▸ **What the task asks**
Begin at the line below that holds "Krásná brunetka mladá" and end at the line that holds "Red retro car", transcribing each line exactly and skipping any picture.

▸ **Given information**
—————

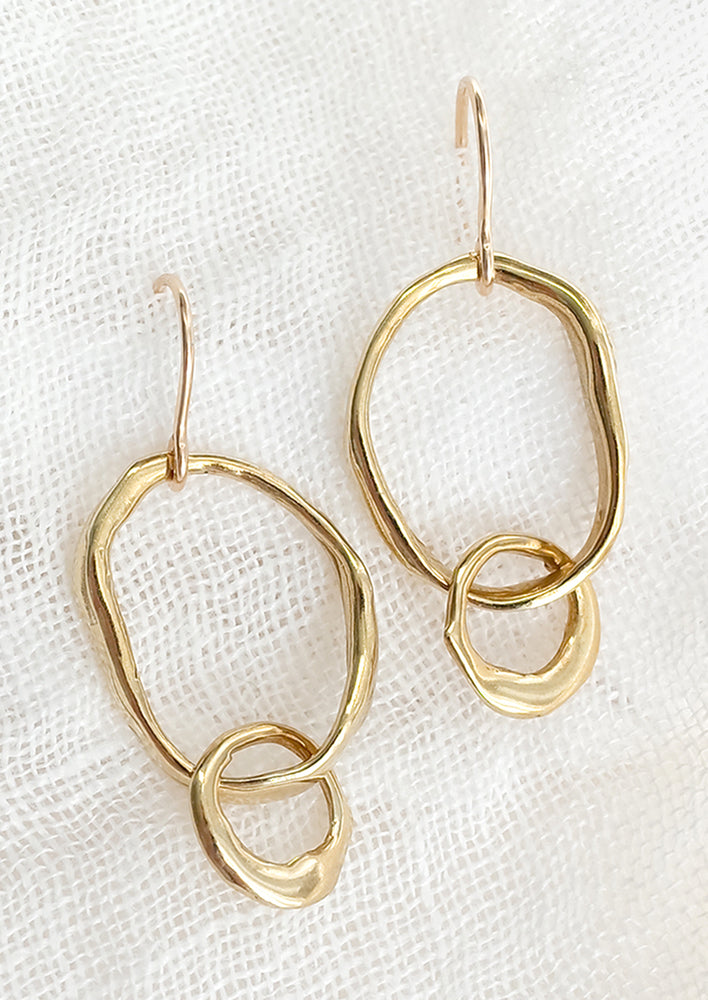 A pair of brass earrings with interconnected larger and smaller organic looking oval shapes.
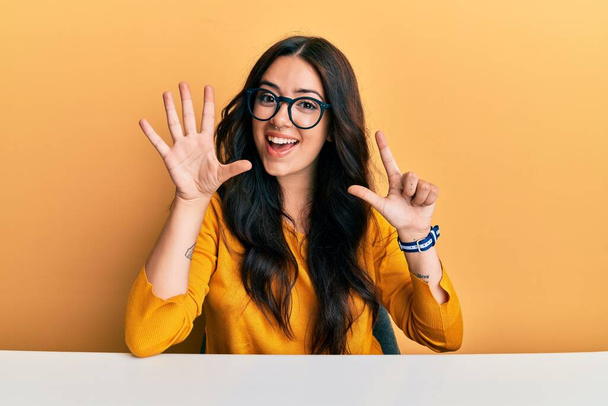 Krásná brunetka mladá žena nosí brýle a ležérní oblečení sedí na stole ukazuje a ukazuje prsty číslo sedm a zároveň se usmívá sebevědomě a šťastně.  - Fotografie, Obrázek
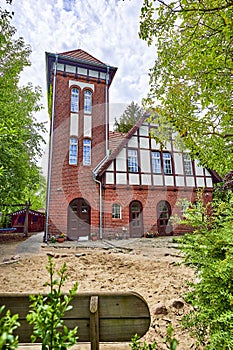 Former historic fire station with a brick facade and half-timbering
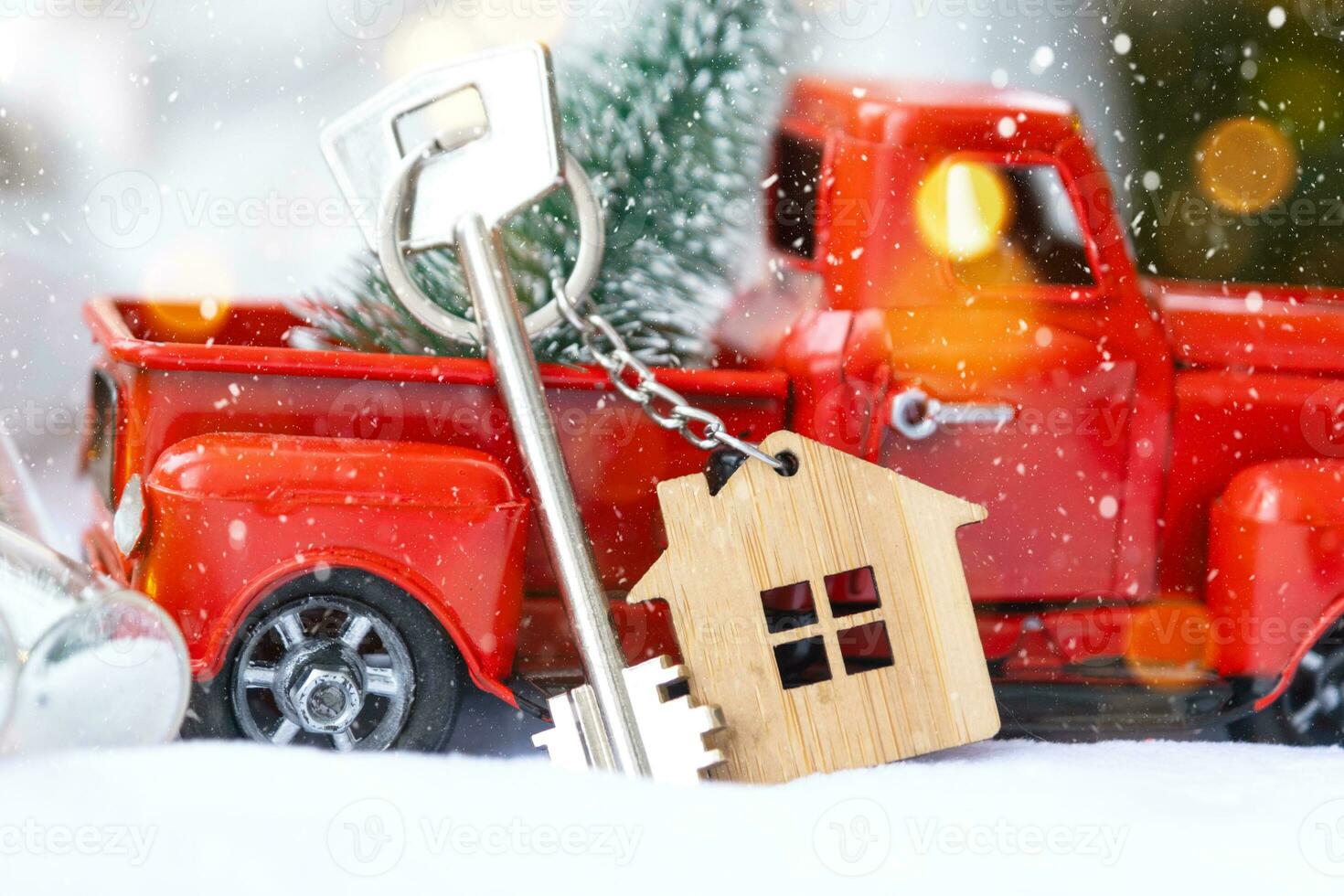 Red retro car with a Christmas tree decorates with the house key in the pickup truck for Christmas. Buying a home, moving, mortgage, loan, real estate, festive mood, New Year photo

—————

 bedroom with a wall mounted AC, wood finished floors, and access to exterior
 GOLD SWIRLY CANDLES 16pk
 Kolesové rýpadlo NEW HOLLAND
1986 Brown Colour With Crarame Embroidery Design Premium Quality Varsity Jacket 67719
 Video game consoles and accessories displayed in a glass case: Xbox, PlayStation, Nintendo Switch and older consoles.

—————

▸ **Worked solution**
 Krásná brunetka mladá žena nosí brýle a ležérní oblečení sedí na stole ukazuje a ukazuje prsty číslo sedm a zároveň se usmívá sebevědomě a šťastně.  - Fotografie, Obrázek
 Former historic fire station with a brick facade and half-timbering
 Red retro car with a Christmas tree decorates with the house key in the pickup truck for Christmas. Buying a home, moving, mortgage, loan, real estate, festive mood, New Year photo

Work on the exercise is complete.